T. David Gordon
When discussing issues that concern the public, it is not unusual for some conversations to become partisan. When this happens, it is also not unusual that the partisan discussions sometimes become somewhat shrill. Ordinarily, however, the discussions only become shrill when there are obvious personal consequences. The early feminists were perceived to be a tad shrill, for instance, but they had personal reasons to bethey were effectively denied many of the freedoms and opportunities our Constitution guaranteed to all. Similarly, the homosexual community has often been perceived as shrill, but again, the matter affects them personally. I have wondered, then, why it is that technophiles are often so shrill, since one wouldn't think that the candid examination of the pros and cons of various technologies (or clusters thereof) would be a personal issue, the way gender or sexuality issues are.

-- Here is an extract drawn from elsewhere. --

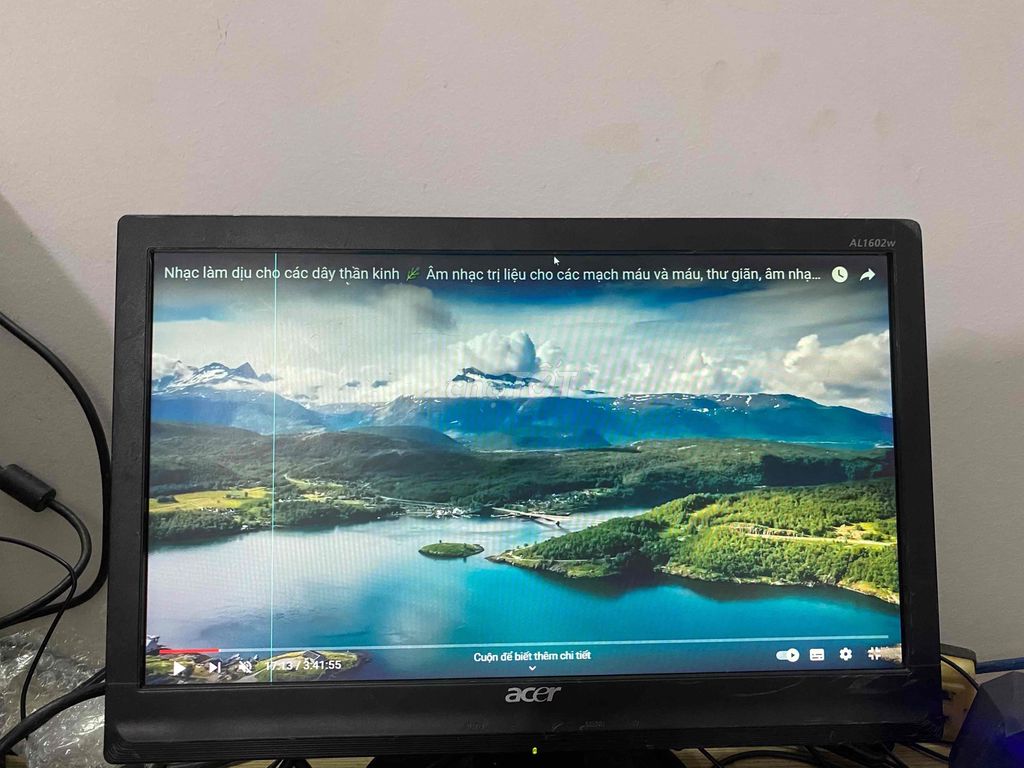 Màn hình máy tính Acer 17in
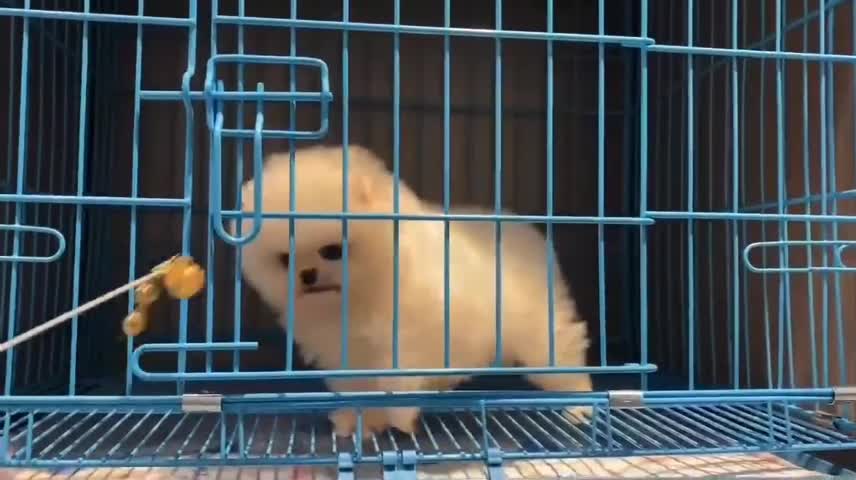 pet baby family has a treasure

As I use the terms, a "technophile" is a person who regards technological innovation as good, without having specific grounds for doing so. A "technophobe" is a person who regards technological innovation as bad, without having specific grounds for doing so. That is, they are mirror images of each other; and I regard them both as "technofools" for the same reasonthey hold their opinions, often quite passionately, without grounds; and tend to resist reasoning or evidence for alternative opinions.
We have few technophobes today; the Amish, for instance, may be close, because they object to machinery that is run by fuel or electricity. And I recall once, in the early nineties, a colleague of mine had a wife who would not permit a computer in the home, due to some rather curious speculations of a metaphysical nature. But, such technophobes today are a significant minority.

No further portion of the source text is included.